Cuba
O legado de Fidel e a mirada entre amigos
Decorrido o primeiro ano de seu desaparecimento físico, um fato é incontestável: esteja onde estiver, com quem estiver, Fidel está ali para ganhar amigos. De José Martí, seu autor de cabeceira, o comandante herdou o ideário: “Para todas las penas, la amistad es remedio seguro”.
Por Maria do Carmo Luiz Caldas Leite*
Homem de profundas amizades, Fidel nutria convívios com devoção pela palavra e com poder de sedução. Evo Morales, Rafael Correa, Lula, Cristina Kirchner, Daniel Ortega, Nicolás Maduro buscaram em Cuba novas formas de construção da trincheira de ideias, de que falava Martí.

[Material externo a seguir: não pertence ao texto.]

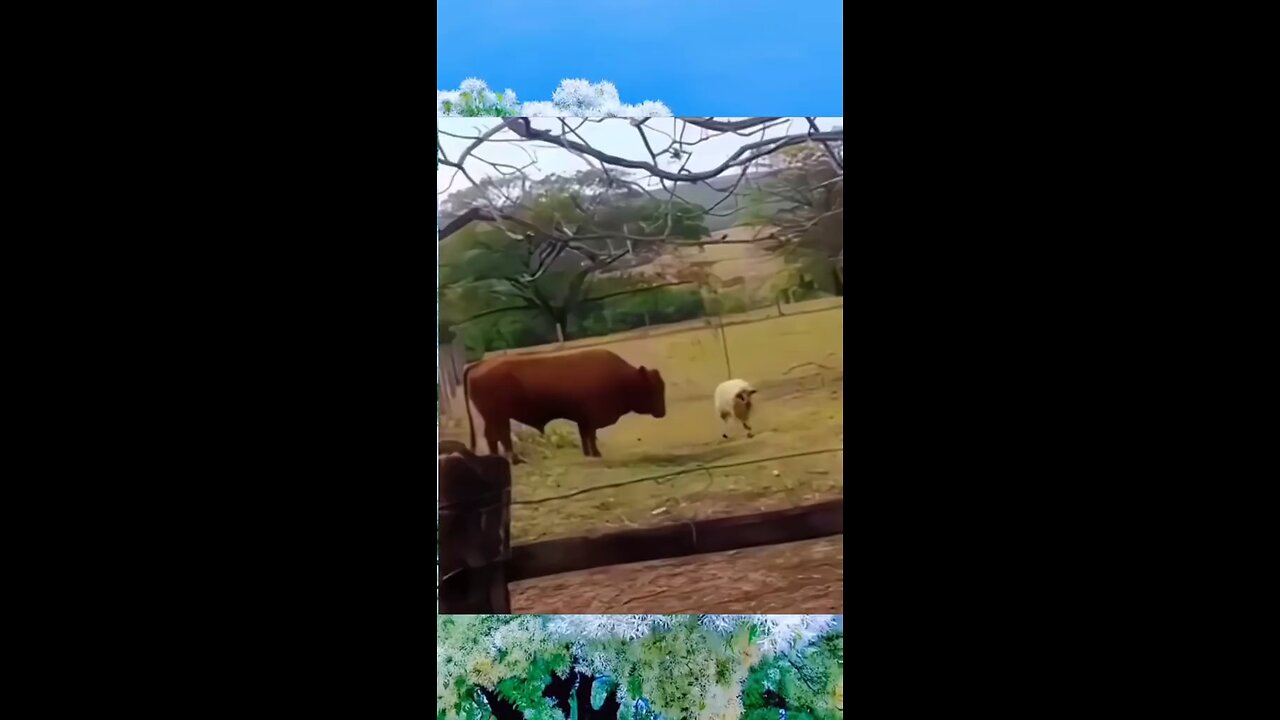 video sheep vs cow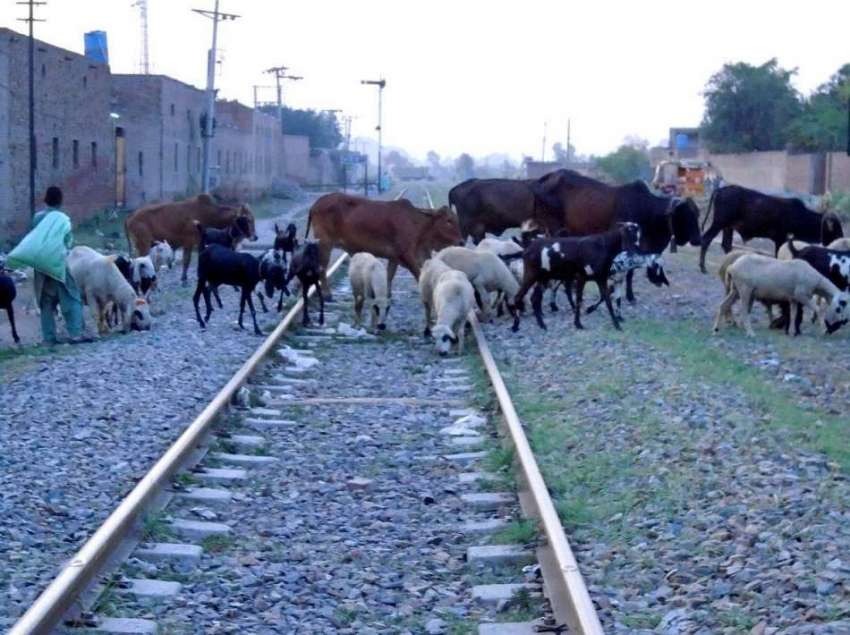 چنیوٹ: ریلوے لائن پر مال مویشی پھر رہے ہیں جو کس حادثے کا ..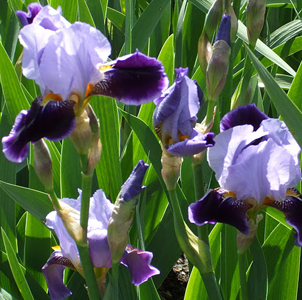 Bush pruning iris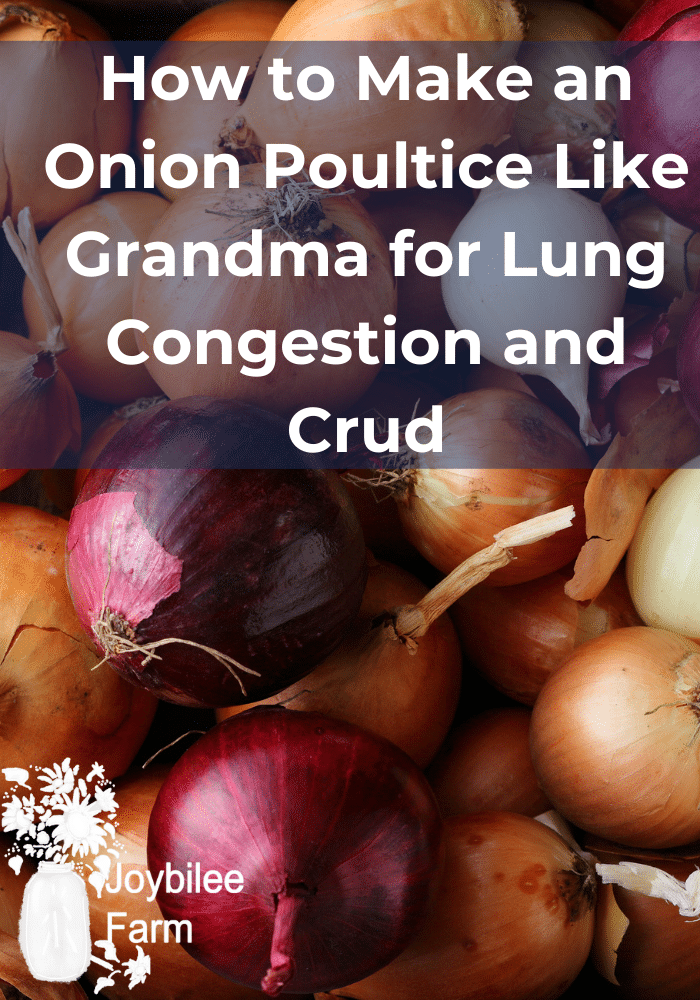 How to Make an Onion Poultice for Lung Congestion and Crud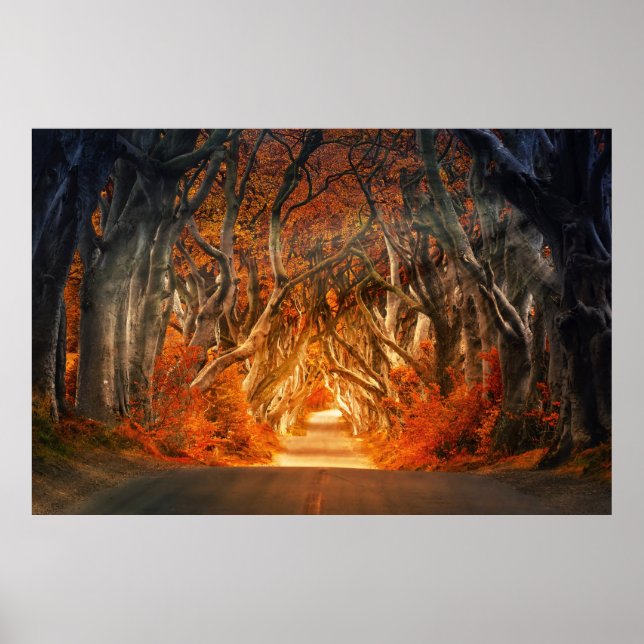 Affiche Route forestière enchantée (Devant)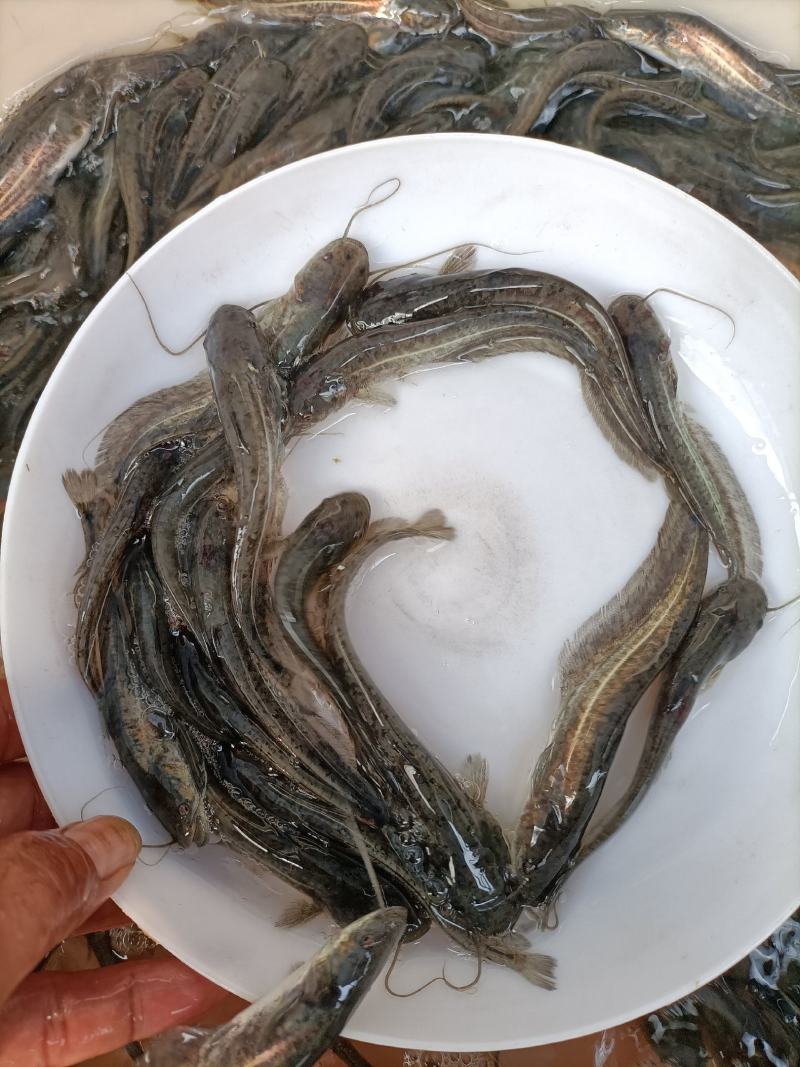 【鲶鱼苗】优质杂交大口鲶鱼苗、南方大口鲶鱼苗，苗场直供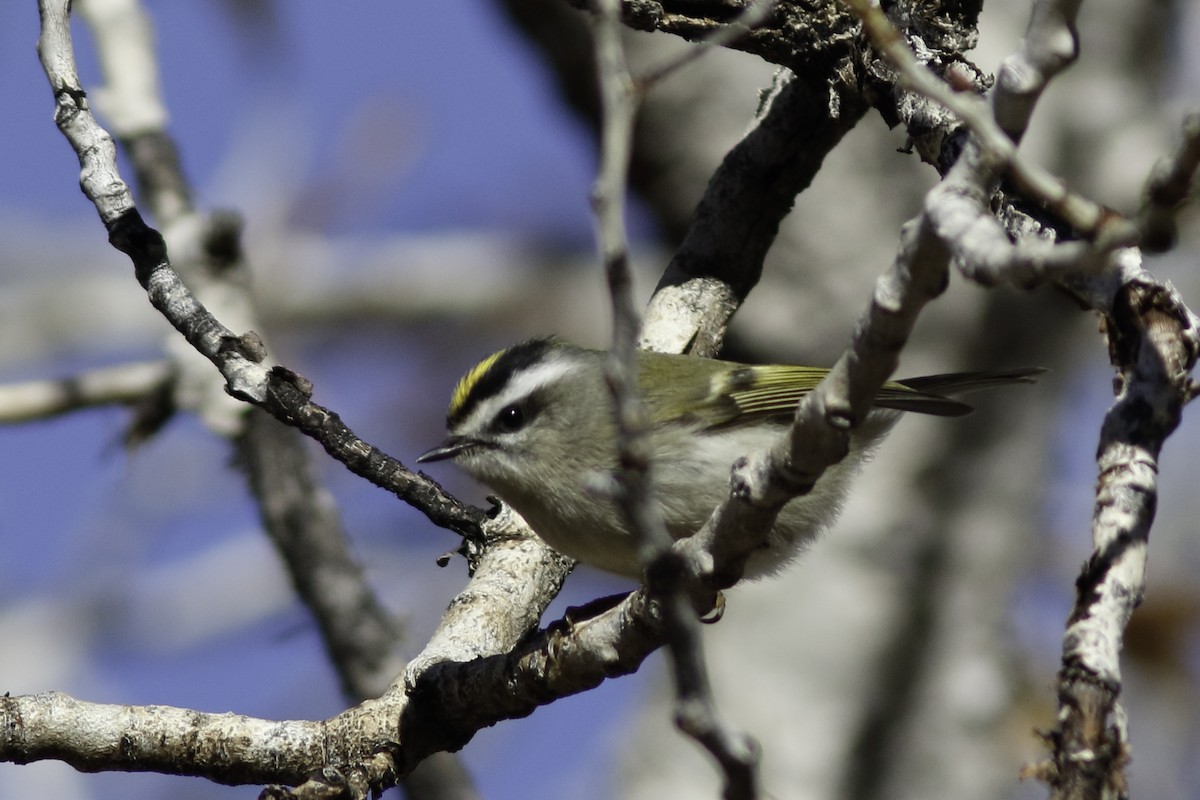 Golden-crowned Kinglet - ML611947728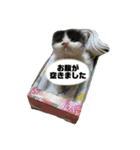子猫のがぶちゃん（個別スタンプ：9）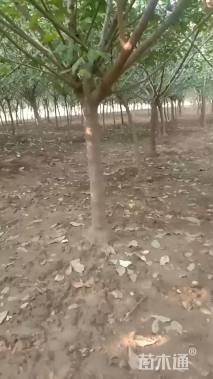 高度200厘米蜡梅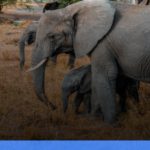 safari terbaik di Afrika untuk wisatawan Indonesia | Turtlebin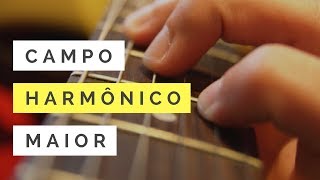 MAJOR HARMONIC FIELD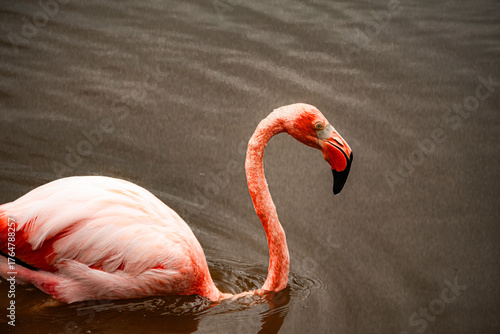 Obraz na plátně GALAPAGOS, ECUADOR, WILDLIFE - Pink flamingo is swimming in a body of water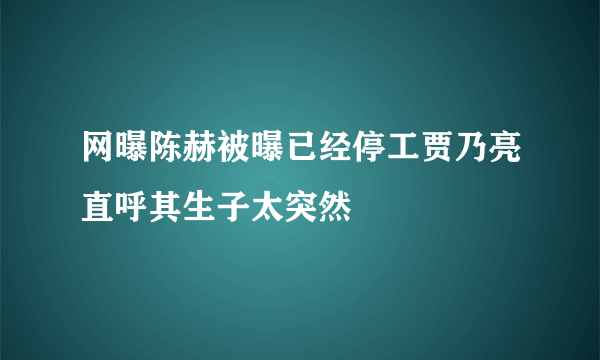 网曝陈赫被曝已经停工贾乃亮直呼其生子太突然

Ao longo das décadas de relação amistosa com o revolucionário, Gabriel García Márquez não escondia sua admiração e seu deslumbramento: “Un hombre de costumbres austeros e ilusiones insaciables”.
Sua mais rara virtude de político foi a faculdade de vislumbrar a evolução dos acontecimentos até as consequências mais remotas. Seu raciocínio agudo favoreceu, em momentos difíceis, aos amigos. “Fidel é, para mim, um pai, um companheiro, um mestre da estratégia perfeita”, declarou Chávez em 2005. A lealdade foi incondicional e as palavras de despedida do comandante da revolução cubana ao líder venezuelano traduziram o valor de um afeto recíproco: “hasta la victória siempre, inesquecíble amigo”.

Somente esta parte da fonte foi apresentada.